Task: Would you print the records below without changing anything?

————

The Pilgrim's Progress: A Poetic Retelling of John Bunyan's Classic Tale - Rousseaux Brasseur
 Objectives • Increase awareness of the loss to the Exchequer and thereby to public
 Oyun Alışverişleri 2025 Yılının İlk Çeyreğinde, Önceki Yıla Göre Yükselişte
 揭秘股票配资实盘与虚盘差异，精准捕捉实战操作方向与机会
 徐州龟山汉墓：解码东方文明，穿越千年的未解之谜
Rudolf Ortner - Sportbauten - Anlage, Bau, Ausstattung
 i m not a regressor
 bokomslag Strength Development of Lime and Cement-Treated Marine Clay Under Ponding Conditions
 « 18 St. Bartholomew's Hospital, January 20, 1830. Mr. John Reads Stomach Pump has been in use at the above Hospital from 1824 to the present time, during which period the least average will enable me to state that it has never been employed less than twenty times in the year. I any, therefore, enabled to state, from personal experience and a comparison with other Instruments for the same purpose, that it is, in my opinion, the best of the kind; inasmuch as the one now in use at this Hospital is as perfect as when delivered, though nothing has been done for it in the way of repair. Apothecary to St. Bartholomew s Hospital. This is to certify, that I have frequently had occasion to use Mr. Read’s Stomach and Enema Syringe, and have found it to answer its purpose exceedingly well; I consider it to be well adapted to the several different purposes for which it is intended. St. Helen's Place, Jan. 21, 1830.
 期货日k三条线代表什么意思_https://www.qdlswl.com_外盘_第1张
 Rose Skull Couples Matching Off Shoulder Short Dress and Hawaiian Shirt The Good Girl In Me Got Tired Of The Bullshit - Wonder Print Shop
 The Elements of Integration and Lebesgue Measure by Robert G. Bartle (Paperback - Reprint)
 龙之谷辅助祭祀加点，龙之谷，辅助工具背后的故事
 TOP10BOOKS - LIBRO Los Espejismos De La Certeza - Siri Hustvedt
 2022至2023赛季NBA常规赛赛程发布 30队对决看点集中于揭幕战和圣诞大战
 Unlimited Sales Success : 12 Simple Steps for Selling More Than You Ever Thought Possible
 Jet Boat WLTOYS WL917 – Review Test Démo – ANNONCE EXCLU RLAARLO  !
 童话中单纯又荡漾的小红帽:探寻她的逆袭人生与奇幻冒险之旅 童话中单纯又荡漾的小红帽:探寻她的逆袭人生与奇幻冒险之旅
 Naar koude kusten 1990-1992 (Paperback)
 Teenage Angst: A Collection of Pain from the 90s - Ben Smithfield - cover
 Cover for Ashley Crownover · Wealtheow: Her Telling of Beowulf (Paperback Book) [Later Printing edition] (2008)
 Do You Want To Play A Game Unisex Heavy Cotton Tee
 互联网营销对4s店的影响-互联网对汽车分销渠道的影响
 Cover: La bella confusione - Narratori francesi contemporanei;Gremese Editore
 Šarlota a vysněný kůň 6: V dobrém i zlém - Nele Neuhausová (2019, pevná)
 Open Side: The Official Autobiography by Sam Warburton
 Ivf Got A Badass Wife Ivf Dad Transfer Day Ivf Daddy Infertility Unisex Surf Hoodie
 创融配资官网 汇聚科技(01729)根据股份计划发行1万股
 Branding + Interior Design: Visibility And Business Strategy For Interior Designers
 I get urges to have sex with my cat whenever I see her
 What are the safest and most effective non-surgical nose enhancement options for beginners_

————

Answer to the exercise:
The Pilgrim's Progress: A Poetic Retelling of John Bunyan's Classic Tale - Rousseaux Brasseur
 Objectives • Increase awareness of the loss to the Exchequer and thereby to public
 Oyun Alışverişleri 2025 Yılının İlk Çeyreğinde, Önceki Yıla Göre Yükselişte
 揭秘股票配资实盘与虚盘差异，精准捕捉实战操作方向与机会
 徐州龟山汉墓：解码东方文明，穿越千年的未解之谜
Rudolf Ortner - Sportbauten - Anlage, Bau, Ausstattung
 i m not a regressor
 bokomslag Strength Development of Lime and Cement-Treated Marine Clay Under Ponding Conditions
 « 18 St. Bartholomew's Hospital, January 20, 1830. Mr. John Reads Stomach Pump has been in use at the above Hospital from 1824 to the present time, during which period the least average will enable me to state that it has never been employed less than twenty times in the year. I any, therefore, enabled to state, from personal experience and a comparison with other Instruments for the same purpose, that it is, in my opinion, the best of the kind; inasmuch as the one now in use at this Hospital is as perfect as when delivered, though nothing has been done for it in the way of repair. Apothecary to St. Bartholomew s Hospital. This is to certify, that I have frequently had occasion to use Mr. Read’s Stomach and Enema Syringe, and have found it to answer its purpose exceedingly well; I consider it to be well adapted to the several different purposes for which it is intended. St. Helen's Place, Jan. 21, 1830.
 期货日k三条线代表什么意思_https://www.qdlswl.com_外盘_第1张
 Rose Skull Couples Matching Off Shoulder Short Dress and Hawaiian Shirt The Good Girl In Me Got Tired Of The Bullshit - Wonder Print Shop
 The Elements of Integration and Lebesgue Measure by Robert G. Bartle (Paperback - Reprint)
 龙之谷辅助祭祀加点，龙之谷，辅助工具背后的故事
 TOP10BOOKS - LIBRO Los Espejismos De La Certeza - Siri Hustvedt
 2022至2023赛季NBA常规赛赛程发布 30队对决看点集中于揭幕战和圣诞大战
 Unlimited Sales Success : 12 Simple Steps for Selling More Than You Ever Thought Possible
 Jet Boat WLTOYS WL917 – Review Test Démo – ANNONCE EXCLU RLAARLO  !
 童话中单纯又荡漾的小红帽:探寻她的逆袭人生与奇幻冒险之旅 童话中单纯又荡漾的小红帽:探寻她的逆袭人生与奇幻冒险之旅
 Naar koude kusten 1990-1992 (Paperback)
 Teenage Angst: A Collection of Pain from the 90s - Ben Smithfield - cover
 Cover for Ashley Crownover · Wealtheow: Her Telling of Beowulf (Paperback Book) [Later Printing edition] (2008)
 Do You Want To Play A Game Unisex Heavy Cotton Tee
 互联网营销对4s店的影响-互联网对汽车分销渠道的影响
 Cover: La bella confusione - Narratori francesi contemporanei;Gremese Editore
 Šarlota a vysněný kůň 6: V dobrém i zlém - Nele Neuhausová (2019, pevná)
 Open Side: The Official Autobiography by Sam Warburton
 Ivf Got A Badass Wife Ivf Dad Transfer Day Ivf Daddy Infertility Unisex Surf Hoodie
 创融配资官网 汇聚科技(01729)根据股份计划发行1万股
 Branding + Interior Design: Visibility And Business Strategy For Interior Designers
 I get urges to have sex with my cat whenever I see her
 What are the safest and most effective non-surgical nose enhancement options for beginners_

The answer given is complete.